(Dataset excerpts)
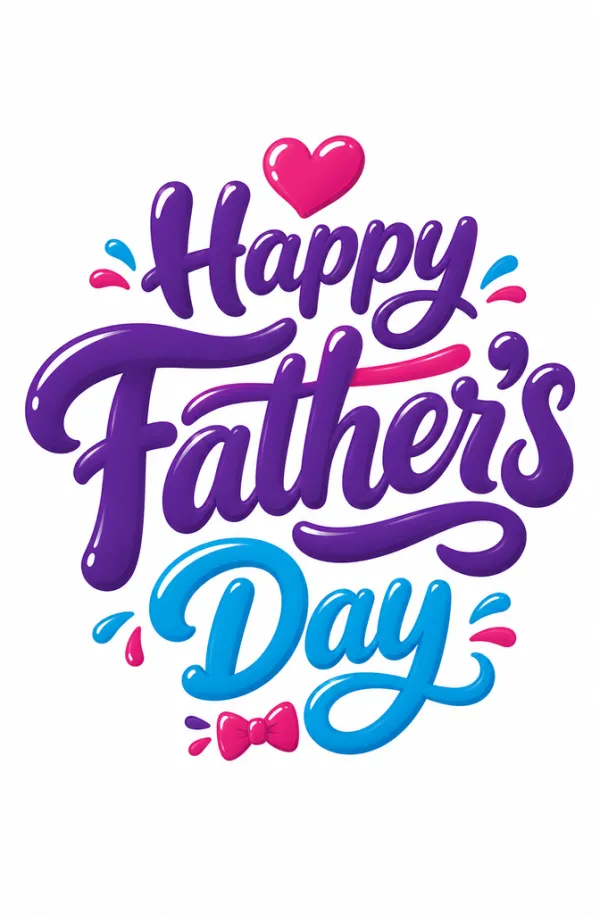 Generate a Father’s Day poster for my brand.
Use the uploaded logo strictly as typography and style inspiration only (do NOT copy, trace, or reconstruct the logo). Extract its visual rhythm, stroke feel, and structural energy to design a custom typographic treatment for the words “Happy Father’s Day”.
⚠️ Important: The final design must contain ONLY typography. No additional text, slogans, captions, taglines, UI elements, or decorative copy are allowed.
Analyze the uploaded post to understand its layout, hierarchy, spacing, and composition system, and use it as a structural reference only.
Create a new, original, premium poster with strong typographic hierarchy, refined spacing, and emotional tone suitable for Father’s Day, while keeping the composition clean, minimal, and brand-consistent.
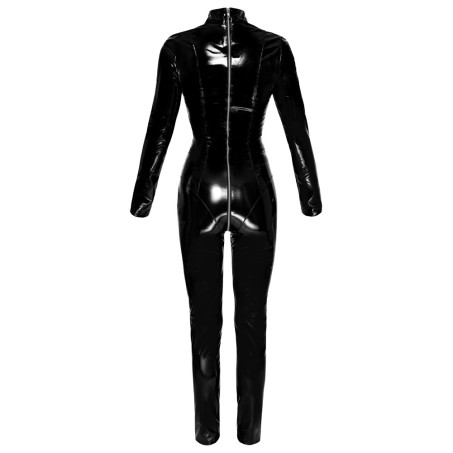 Vinyl Jumpsuit Black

_EXERCISE GOAL:_ I'd like the records above given again exactly, please, without the pictures.

_TASK RESULT:_
 Generate a Father’s Day poster for my brand.
Use the uploaded logo strictly as typography and style inspiration only (do NOT copy, trace, or reconstruct the logo). Extract its visual rhythm, stroke feel, and structural energy to design a custom typographic treatment for the words “Happy Father’s Day”.
⚠️ Important: The final design must contain ONLY typography. No additional text, slogans, captions, taglines, UI elements, or decorative copy are allowed.
Analyze the uploaded post to understand its layout, hierarchy, spacing, and composition system, and use it as a structural reference only.
Create a new, original, premium poster with strong typographic hierarchy, refined spacing, and emotional tone suitable for Father’s Day, while keeping the composition clean, minimal, and brand-consistent.
 Vinyl Jumpsuit Black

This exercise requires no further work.